As surfers who wish to live in solidarity, we must actively visualize how we would respond if we were to witness racist aggression in the water, or anywhere for that matter. We must be prepared to intervene. “Being not racist is not enough,” Brick! reminded the crowd. “Being anti-racist is what we need.”
“Doing nothing is more of a problem and more aggressive than the words actually being hurled at us, and that’s what we are here to really appreciate,” Selema said. “Skin in the game means what are you willing to do that’s going to make you uncomfortable?”
It is a question we must all be willing to ask ourselves. The kind of confrontation that Brick! and Gage experienced in the water is not their problem to solve, it’s ours. As a community of ocean-loving people who understand that the beach belongs to everyone, it is our responsibility to make sure that underrepresented folks feel welcome to safely and freely enjoy the ocean, waves and beaches we all hold dear. Acts of solidarity can be as simple as a friendly ‘Hello’ to a new face in the lineup, or as challenging as confronting an aggressor and demonstrating to our sisters and brothers that we have their back, in real time. As Ryan Harris intoned on Sunday, “If you see something, say something.” Silence only makes people complicit.

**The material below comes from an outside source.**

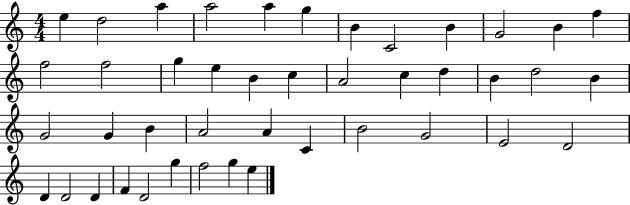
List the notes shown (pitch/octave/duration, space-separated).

E5/q D5/h A5/q A5/h A5/q G5/q B4/q C4/h B4/q G4/h B4/q F5/q F5/h F5/h G5/q E5/q B4/q C5/q A4/h C5/q D5/q B4/q D5/h B4/q G4/h G4/q B4/q A4/h A4/q C4/q B4/h G4/h E4/h D4/h D4/q D4/h D4/q F4/q D4/h G5/q F5/h G5/q E5/q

If it sounds like a tall order, that’s because it is. But it’s the only way we’re going to begin to break barriers and remediate the kind of toxic masculinity and racism that has been poisoning our sport for generations. Surfing’s roots are Indigenous. A native pastime that was gifted to the world when Duke Kahanamoku embarked on an international tour in the early 1900s to share with the west the art of riding waves. It is precisely this kind of vision and generosity that groups like Black Sand Surf, Color The Water and 1 Planet One People are working to seed in surf culture. A truer, more inclusive localism, one centered in respect, community, justice and joy. A localism rooted in the idea that the ocean, waves and beaches we all love are not personal property or resources to be hoarded, but rather living relations to which we belong, bodies and beings we are blessed to enjoy and safeguard for future generations.
It’s hard to overstate how exciting this moment-that-feels-like-a-movement is, something that surf culture and our Mother Ocean desperately need. The Black Sand Peace Paddle was the most diverse, enthusiastic and moving gathering of surfers and ocean-lovers I have ever witnessed in my 20 years of wave riding. Black, White, Latinx, Indigenous and Asian folks. Sisters and brothers and gender non-conforming Queer folks in the mix, right alongside the differently abled. All of us suited up, standing proud and hollering for the vision. The vibe was inspired, communal, youthful, rapturous. What surfing should always be. An intentional and shared celebration of the gift of riding waves together on this miracle planet.
“We want to reset the tone. It’s about respect. We’re all out here chasing that same feeling,” Brick! said. “No matter if you’re a pro or just starting out, you’re still on that journey. And that’s what it’s about. Respect for everybody’s journey, respect for the water. Love and peace. That’s it.”